The tower reminds one of the famous tower at Venice which Joseph Evans Sperry, the architect, got some of his ideas. The foundations of the building are 36 feet under ground and the tower itself rests on four of the largest base blocks ever brought to Baltimore. It has taken three-quarters of a million bricks to build the structure. These bricks have been used here ein the construction of only three other buildings and have attracted much attention in the architectural world. They are a curious yellow color, with blue tints sprinkled with brown. They were first used in the construction of the Academy of Music, Brooklyn, N. Y., and in the building of Dr. Parkhurst’s famous church in Madison Square, New York.

3. Death leap foiled by elevator man

Now this is an interesting headline that caught our attention. It was printed in the Baltimore Sun on February 28th, 1930.

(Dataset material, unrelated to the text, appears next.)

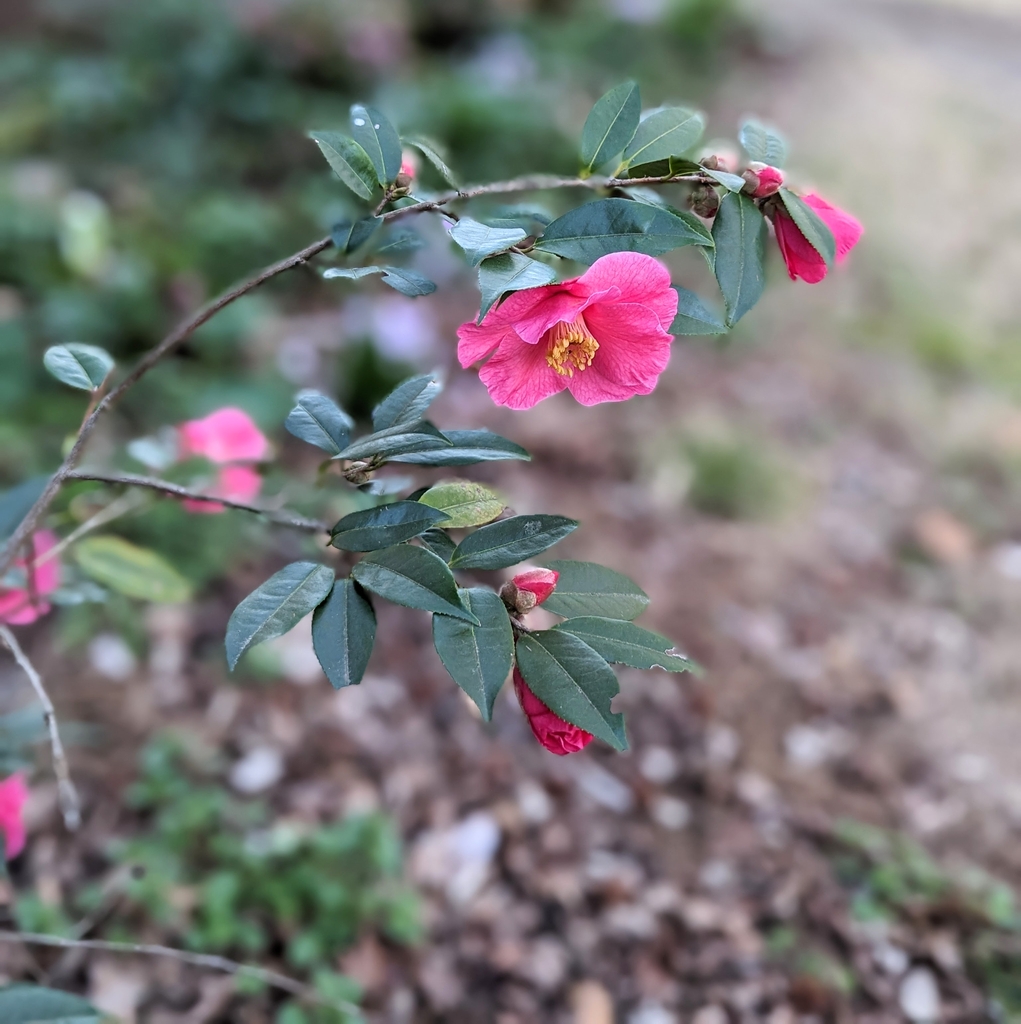 Form (mature but struggling in soil not acidic enough)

Grasped as he was about to leap from a balcony on the fifteenth floor of the Emerson Tower Building late yesterday, Philip Hooks, 65-year-old painter, was dragged to safety by Edward McDonald, 50, an elevator operator.

Hook had mounted a sailing surrounding the balcony, 180 feet from the pavement, and was poised on the edge when saved by McDonald.

McDonald said he had not made an outcry for fear the man would become startled and leap before he could reach the railing.

The elevator operator, assisted by William McKenna, superintendent of the factory, dragged Hook back through a window and took him to the ground floor, where he was taken in charge b Western district police.

Hood had not used the elevator but had walked up to a stairway to the fifteenth floor, according to Harry Meyers, custodian of the building. Employes in the factory in the north branch of the building noticed the figure on the ledge and summoned McKenna and McDonald.

Questioned by the police, Hook said he had been depressed since the death of his wife several weeks ago and yesterday had decided to end his life.